From the records below, output exactly the lines starting at the line with "Building Photo - 7306 Elm Ave" and ending at the line with "Framsidan på Startmotor", both of them included, but no pictures.

TASK DATA Start Marker

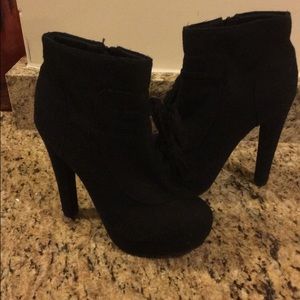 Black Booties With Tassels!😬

TASK DATA End Marker
TASK DATA Start Marker

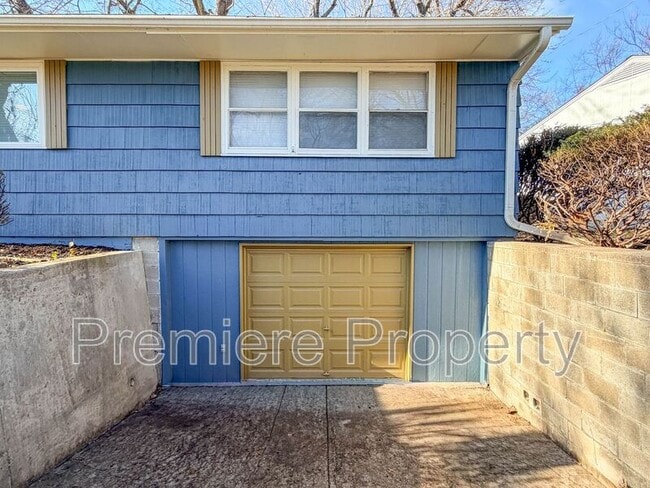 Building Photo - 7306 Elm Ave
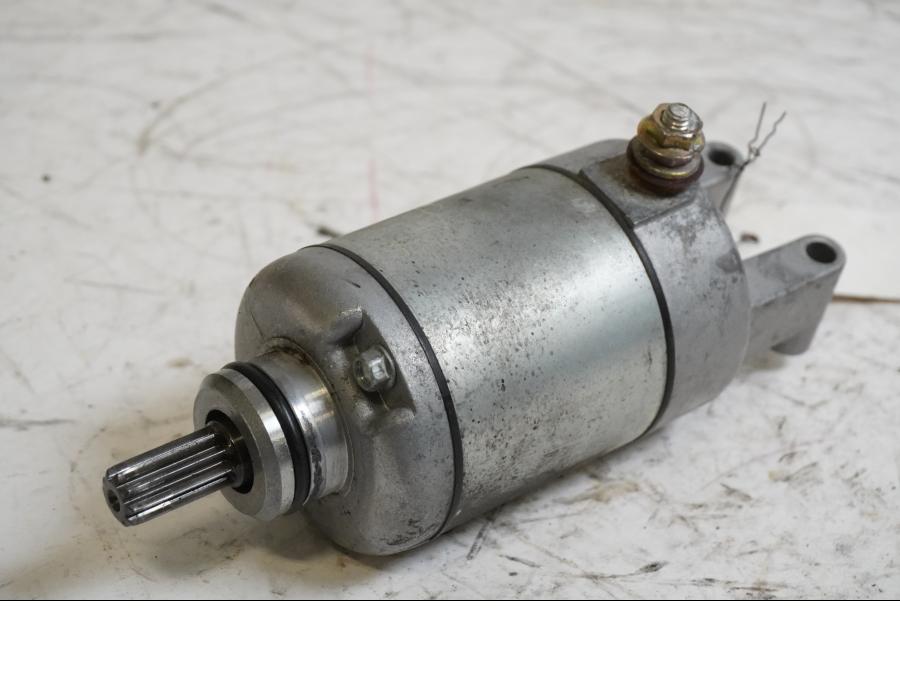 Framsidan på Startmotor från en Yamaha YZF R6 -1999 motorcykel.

TASK DATA End Marker

• RESULT OF THIS TASK:
 Building Photo - 7306 Elm Ave
 Framsidan på Startmotor från en Yamaha YZF R6 -1999 motorcykel.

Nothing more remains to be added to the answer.